Linear Scaling Rule：When the minibatch size is multiplied by k, multiply the learning rate by k.

在其他 hyper parameter不变的情况下，N' = k * N，可以达到多个minibatch size在一次实现对网络的update。

Warmup method:
Constant warmup: 在train前几个epoch（一般前5 epochs）时采用较小的constant learning rate，但是对于大的learning rate，constant warmup不能很好的初始化网络。

gradual warmup：在 training的前几个 epoch，逐渐将learning rate由小到大的提高，让training在开始的时候健康的收敛。

Batch Normalization：
在 distributed training情况下，每一个per-work的sample可以看成是每一个minibatch，相互之间是独立的。所以 underlying loss function可以不变。
BN statistics不应该在all workers之间交叉计算，不仅为了减少交流，也为保持为了优化的同样的underlying loss function。

distributed SGD 对其他hyper parameter的影响：

1， weight decay：scaling the cross-entropy loss is not equivalent to scaling the learning rate

cross-entropy loss是 sample-dependent term，而regularization是weight-dependent term。

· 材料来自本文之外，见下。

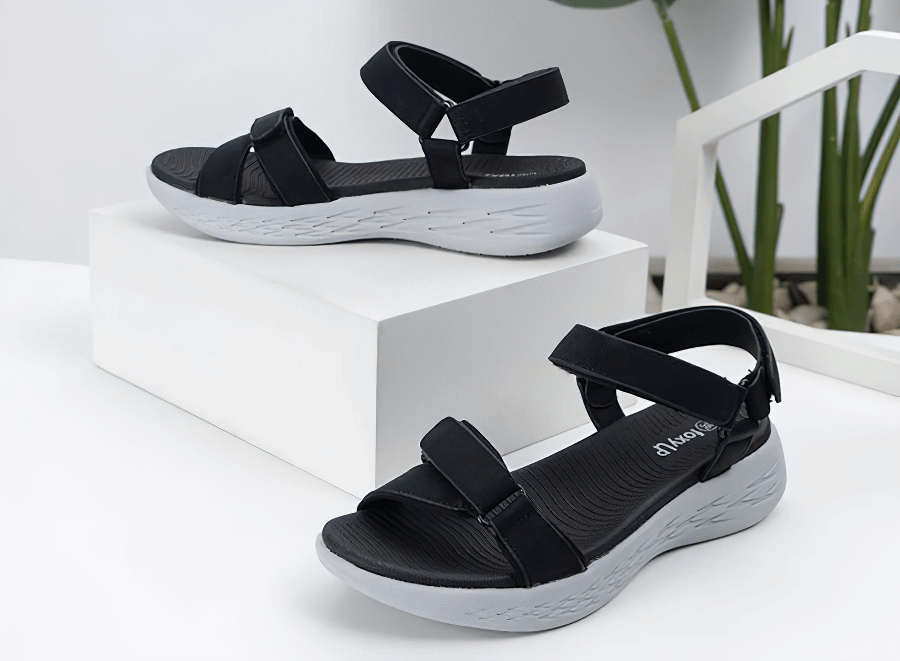 Black Soft Sole Wedge Open Sandals for Women with Breathable Mesh and Rubber Outsole, SF0323
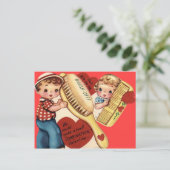 Retro Kam & Borstel Valentijn Kaart (Staand voorkant)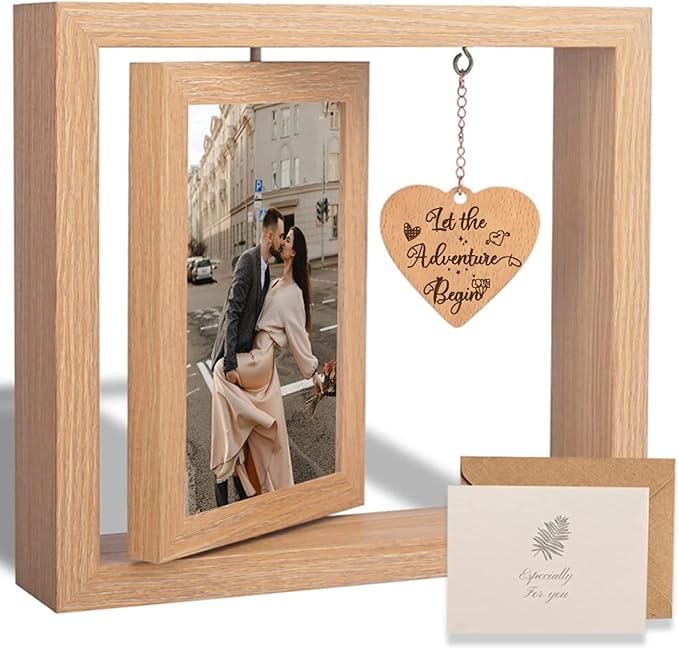 Rotating Floating Let the Adventure Begins Picture Frame, Engagement Gifts for Couples, Rustic 4x6 Floating Picture Frames...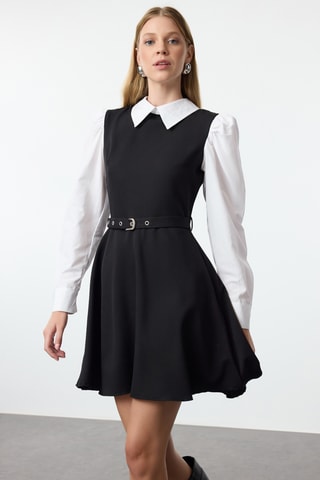 Vestido efeito ilusório - Preto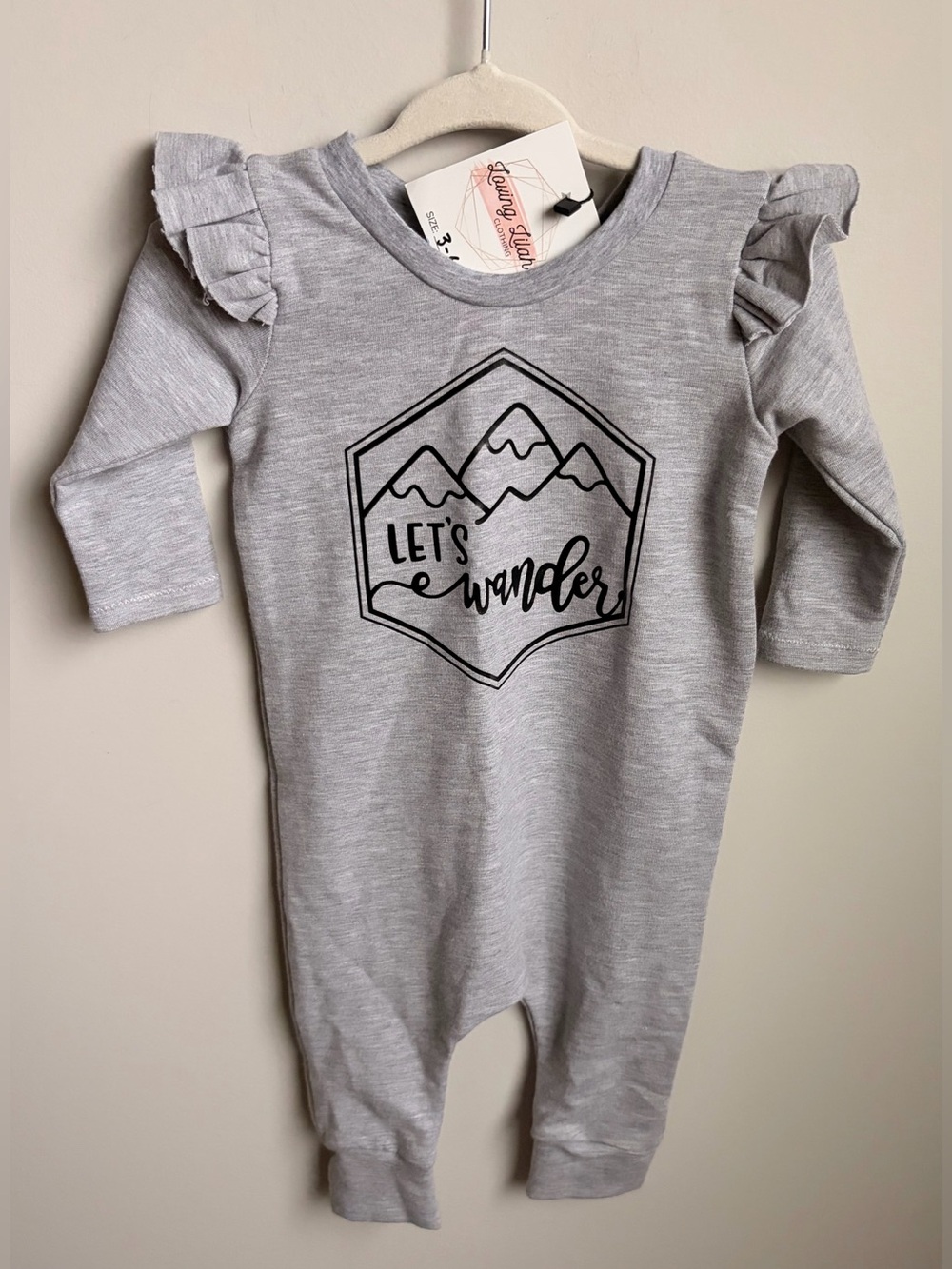 Gray "Let's Wander" Ruffle-Sleeve One-Piece for Kids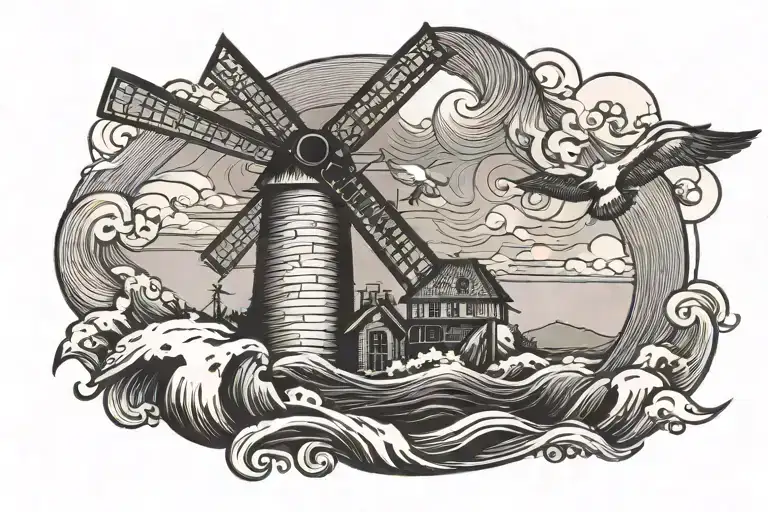 Old Windmill With Waves And Seagull Flying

2, Momentum correction: Apply momentum correction after changing learning rate if using

3, Gradient aggregation: Normalize the per-worker loss by total minibatch size kn, not per-worker size n.

4, Data shuffling: Use a single random shuffling of the training data (per epoch) that is divided amongst all k workers.

在同一个worker内部，多个GPU的，则使用NCCL，进行多个GPU内部的buffer统一计算。

worker之间的通信交流：
对于该distributed SGD，只有Gradient Aggregation才需要all-worker之间的通信交流，在这里使用了两种算法 the recursive halving and doubling algorithm 和 bucket algorithm (ring algorithm)。

其中 halving/doubling algorithm有两步骤：reduce-scatter 和 all-gather，在 reduce-scatter阶段，使用两两servers组成pair，进行buffer的交换，如0和1,2和3， server0 发送第二半的buffer给server1，同时接受来自server1的第一半的buffer。
all-gather则使用类似树形结构对所有的 server 进行Gradient的gather。

实验部分：

warmup: Large minibatch sizes are challenged by optimization difficulties in early training.

if the optimization issues are addressed, there is no apparent generalization degradation observed using large minibatch training.

distributed SGD的时间消耗：

本人观点：给予很多 deep network一个分布式计算的理论和可行性验证。